- Born: 20 December 1942 New Zealand
- Died: 3 September 2017 (aged 74)
- Occupation: Ship Designer
- Children: 2
- Website: www.incatcrowther.com

= Philip Hercus =

Philip Christian Hercus (20 December 1942 in New Zealand – 3 September 2017) was a naval architect and marine vessel designer in Sydney Australia.

He left New Zealand to attend the faculty of engineering at the University of New South Wales, Australia where in 1967 he gained a Bachelor of Science (Technology) degree in naval architecture.

In 1977), he formed a partnership, namely International Catamaran Pty Ltd designing and building catamarans in Hobart, Tasmania.

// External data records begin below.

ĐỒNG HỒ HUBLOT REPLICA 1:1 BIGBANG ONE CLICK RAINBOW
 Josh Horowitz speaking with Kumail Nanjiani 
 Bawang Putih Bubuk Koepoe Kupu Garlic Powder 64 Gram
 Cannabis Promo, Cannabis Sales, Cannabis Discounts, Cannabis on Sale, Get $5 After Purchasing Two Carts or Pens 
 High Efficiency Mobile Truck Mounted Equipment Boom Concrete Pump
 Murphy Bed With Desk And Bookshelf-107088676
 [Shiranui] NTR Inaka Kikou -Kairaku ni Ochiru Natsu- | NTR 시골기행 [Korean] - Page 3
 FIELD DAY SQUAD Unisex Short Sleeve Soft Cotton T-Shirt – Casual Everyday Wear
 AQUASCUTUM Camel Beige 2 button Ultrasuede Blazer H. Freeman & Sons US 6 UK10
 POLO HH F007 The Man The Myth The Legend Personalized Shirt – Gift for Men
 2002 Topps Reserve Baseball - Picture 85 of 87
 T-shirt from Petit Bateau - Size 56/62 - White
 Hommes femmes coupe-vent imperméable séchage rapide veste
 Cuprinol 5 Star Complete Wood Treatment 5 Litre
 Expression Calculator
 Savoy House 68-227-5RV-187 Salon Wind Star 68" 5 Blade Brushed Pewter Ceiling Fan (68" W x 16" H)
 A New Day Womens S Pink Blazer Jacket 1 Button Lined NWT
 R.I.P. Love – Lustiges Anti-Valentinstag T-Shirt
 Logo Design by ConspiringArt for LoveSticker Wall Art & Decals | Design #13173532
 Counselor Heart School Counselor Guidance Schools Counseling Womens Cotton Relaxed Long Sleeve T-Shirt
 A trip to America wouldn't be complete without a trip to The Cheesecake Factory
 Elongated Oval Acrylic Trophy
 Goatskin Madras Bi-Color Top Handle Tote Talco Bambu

This combination of Philip Hercus and Bob Clifford made significant advances in fast powered catamaran technology culminating in the introduction of wave piercing catamarans.

Early in 1988, the shipyard partnership was mutually terminated and a design-only company,
International Catamaran Designs Pty Ltd (renamed Incat Designs (Sydney)) was formed as part of the Hercus Marine Group.
The other partner Robert Clifford then commenced designing and building under a new company, Incat Tasmania Pty Ltd.

Incat Designs (Sydney) and Crowther Designs merged in 2005 becoming
Incat Crowther. The key staff from both organizations were maintained with Brett Crowther as Managing Director, Ben Hercus as Commercial Director, Andrew Tuite as Technical Director and Philip Hercus taking the role of Senior Adviser.

Hercus died in September 2017

==Awards==
Philip Hercus(1992 AGM Michell medal recipient from the Institution of Engineers, Australia).

Clunies Ross National Science and Technology Award in 2000.

Philip Hercus and Robert Clifford received the Order of Australia (AO) in 1995 for service to the shipbuilding industry.